Heartland Institute Faces Backlash over Equating Mass Murderers and Climate Change Supporters

What do Ted Kaczynski (the Unabomber), Charles Manson, and a large majority of Americans have in common? People who are not insane would say nothing. The Heartland Institute, a right-wing think tank, however, recently put up a billboard that equated the 62 percent of people that think the weather is changing (i.e. the climate is changing) to people like the Unabomber, Charles Manson, and Fidel Castro. Heartland’s press release announcing the billboards stated that, “some really crazy people use it (global warming) to justify immoral and frightening behavior.” Right. I must have missed that part of history that found that Charles Manson went on his murdering spree in the name of global warming.

It seems this time, Heartland went too far and in the subsequent days since the billboard went up, corporations have begun to pull their support due to pressure from groups like Forecast the Facts, who mobilized over 20,000 people to call for corporate sponsorship withdrawal from Heartland.
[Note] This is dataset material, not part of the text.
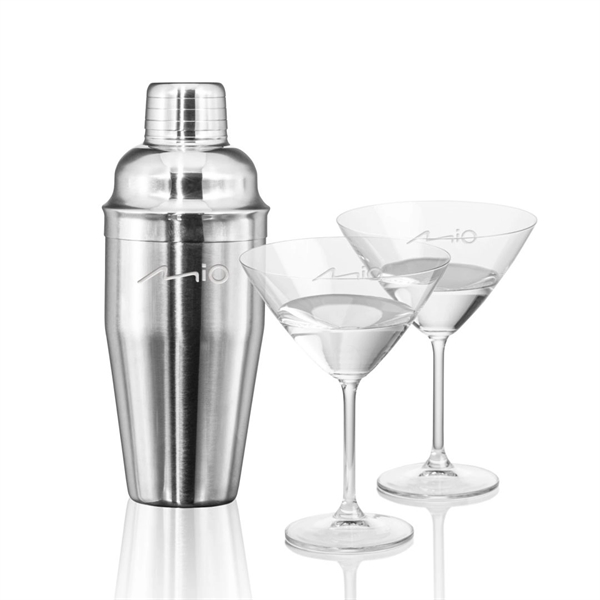 Shaker and 2 Martini Glasses.... from ASI 84592 St Regis Group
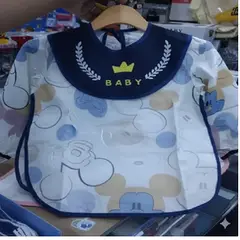 GENERICO - Mandil Babero Manga Larga para Niños 6 meses a 3 años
This latest controversy comes just a few months after internal memos were leaked that showed Heartland’s plan to go all out on pushing a climate-denying message, including plans to teach corporate-funded curriculum to children about how climate change was “controversial.” As we pointed out at the time, there is nearly uniform consensus in the scientific community that not only is the climate changing, but also human produced climate change is a significant contributor.

Embracing the existence of climate change is not confined to the scientific community. A recent poll conducted by Yale University found that nearly 70 percent of those polled said that the U.S. should make either a large or medium-scale effort to reduce global warming, even if this has large or moderate economic costs (emphasis mine). In a time when the economy is still in recovery, the fact that a large majority of people support reducing global warming, even if there are costs, is huge. It could be that people are feeling more economically secure than reported so they are focused on broader issues than the economy. Or, it could be that the threats of global warming are becoming so great that people see addressing the issue with the same importance as the economy. And, rightfully so. As a recent set of reports released by Demos shows, there will be substantial personal and economic costs from climate change.

The Heartland backlash, combined with the backlash against another right-wing stalwart, ALEC, are strong indications that the right has gone too far with their over the top messaging and policies. As for me, I say keep the crazy coming. Exposing what the right really thinks is one of the best tools for progressives.